The canyon, which is about 35 miles southeast of Price, has been under control of the DWR ever since and they have restricted access to only a few people a day (by permit) and have been patroling the canyon to make sure no artifacts or vandalism has been occuring.
In trade for that land the University of Utah will give up some of its trust lands which is considered elk and deer habitat.
"It allows us to emphasize the study of the natural history and archaeology of the canyon," Duncan Metcalfe, chief curator of the Utah Museum of Natural History told the Associated Press on Tuesday. "That's not really part of DWR's mission."
While the University of Utah has been one of the main surveyers of the canyons ancient remains, other schools have also participated in finding what is there. Primarilly among them is the College of Eastern Utah.
This summer CEU archaeologist Renee and a group of volunteers and students have been doing an excavation in the canyon on a structure that was found during the original survey of the canyon in 2004.
How this trade will affect CEU's operations in the canyon remain to be seen. Barlow said that she had been hearing about this possible trade for some time, but it seemed it has been on then off.
"With this change in administration of the canyon we are worried about CEU's ability to continue our archaeological research which we feel is significant and which I have been working on for the last eight years," said Barlow on Wednesday morning. "We are just worried about access issues and whether we will have difficulties with the University of Utah, as at times we have in the past.

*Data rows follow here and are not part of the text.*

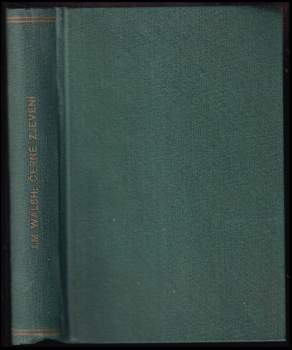 J. M Walsh: Černé zjevení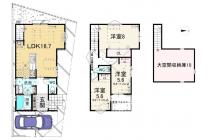 新着物件 33 紫野北舟岡町Ⅱ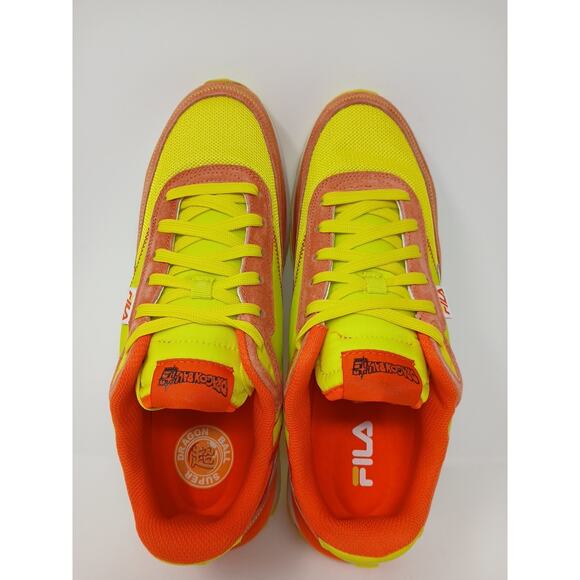 Fila Renno x DBZ Super Shenron Dragon Ball Z Men\'s US Size 10 Brand New In Box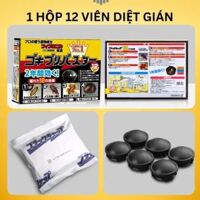 Viên đặt diệt gián Barracks Cap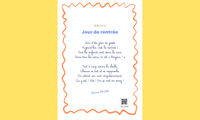 Aperçu Recueil de poésies Rentrée - Teetsh Cycle 2 Cycle 3 - Visuel 2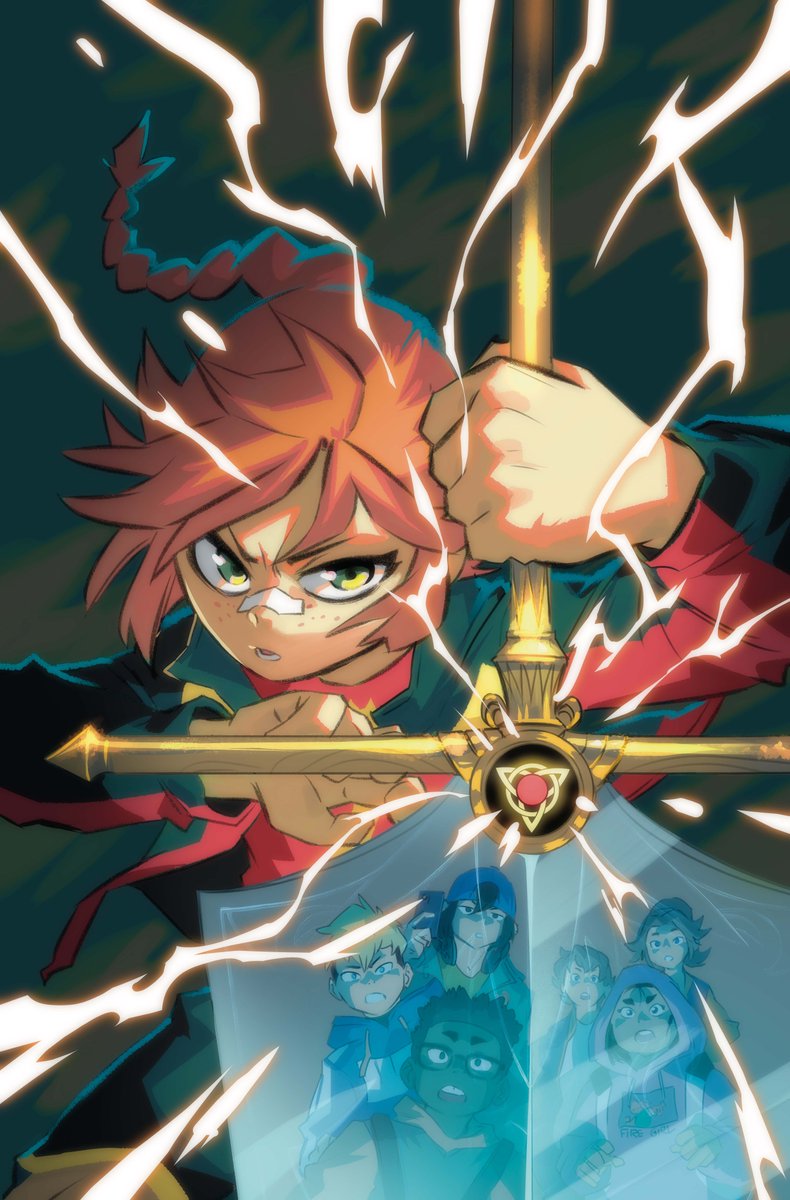 Buzz Comics tweet media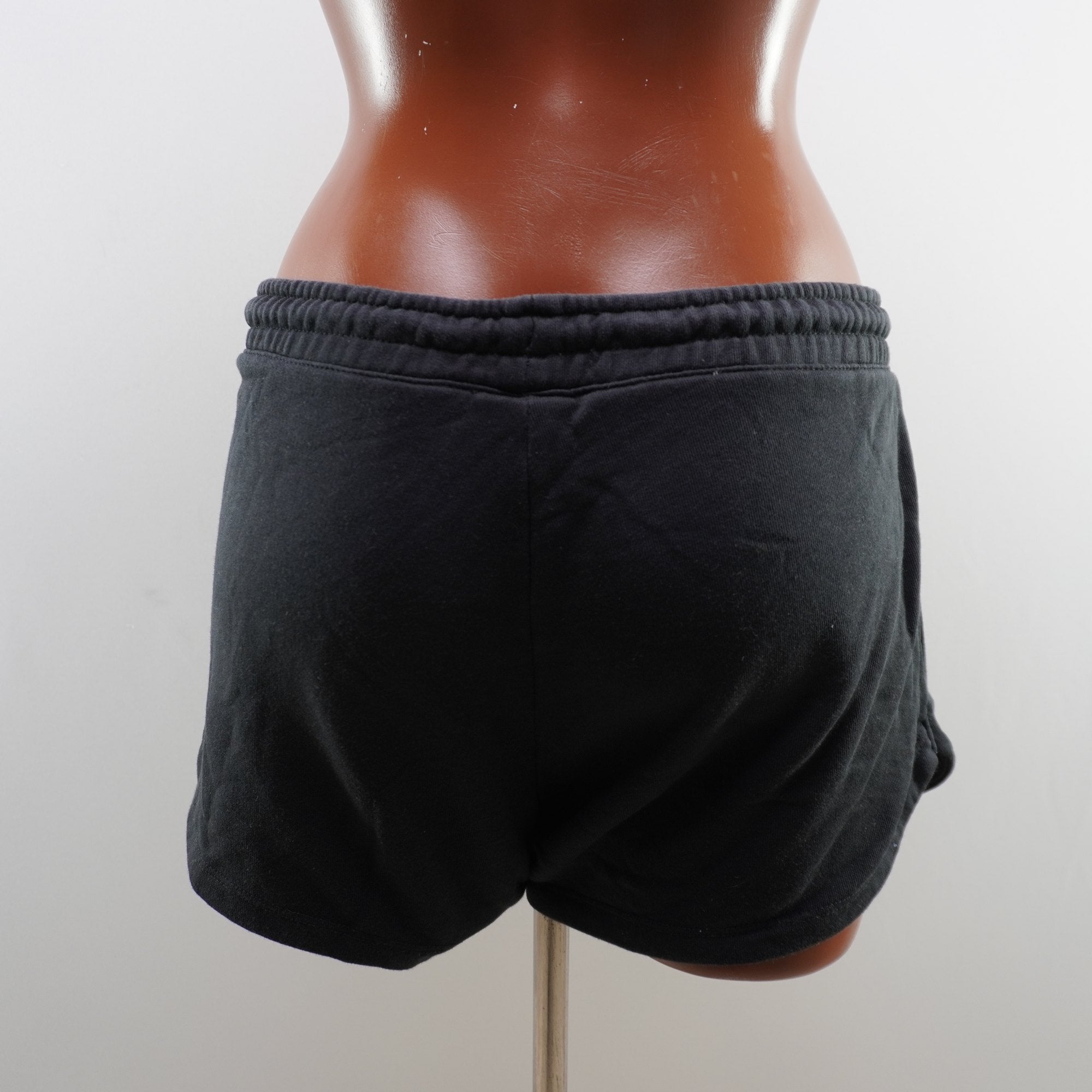 Pantalones Cortos Reebok para Mujer Usados - Negro, M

We are concerned about in being able to access our sites and do our research."
While there have been many artifacts found in the canyon, including tools, actual corn cobs from graneries, jewelry, pots and pot shards and other items, probably one of the most celebrated items found was discovered by a DWR law officer in 2005. It was a flute that was stuck in a crevice in in rocks above the access road.
There has been some controversy as to the age of the flute, but it is still being tested and examined by the state to find exactly what group of people it belonged to. Some think it may be archaic, but it could also be Fremont or pre-Ute. In any case Barlow told the Sun Advocate the find is significant, because it is either one of a kind or very rare.
Around 1200 A.D. the Fremonts disappeared from the canyon and no one has been able to determine exactly why they left and where they went. Most archaeologists suggest that the farming communities that made up much of the culture suffered a series of catestrophic droughts and they just could exist there anymore.
According to reports University of Utah is giving up about four square miles of deer and elk habitat next to the Gordon Creek Wildlife Management Area in Carbon County. That parcel is part of the university's trust lands granted at statehood. In return, DWR will trade them 2.3 square miles of parcels on Range Creek's canyon bottom. The actual title to the lands reportedly will be held by the Utah School and Institutional Trust lands Adminitration.
While it was reported that public access to the lands won't change much under the new administer, what happens will no doubt affect many who want to see the canyon.
Presently the University of Utah has a caretaker in the canyon, who is there for all the seasons but the winter, when snow makes passage into the canyon impossible. The DWR has also posted regular daily patrols in the canyon since they acquired the property.
What agency will take care of patrolling the canyon and providing security has still not been announced.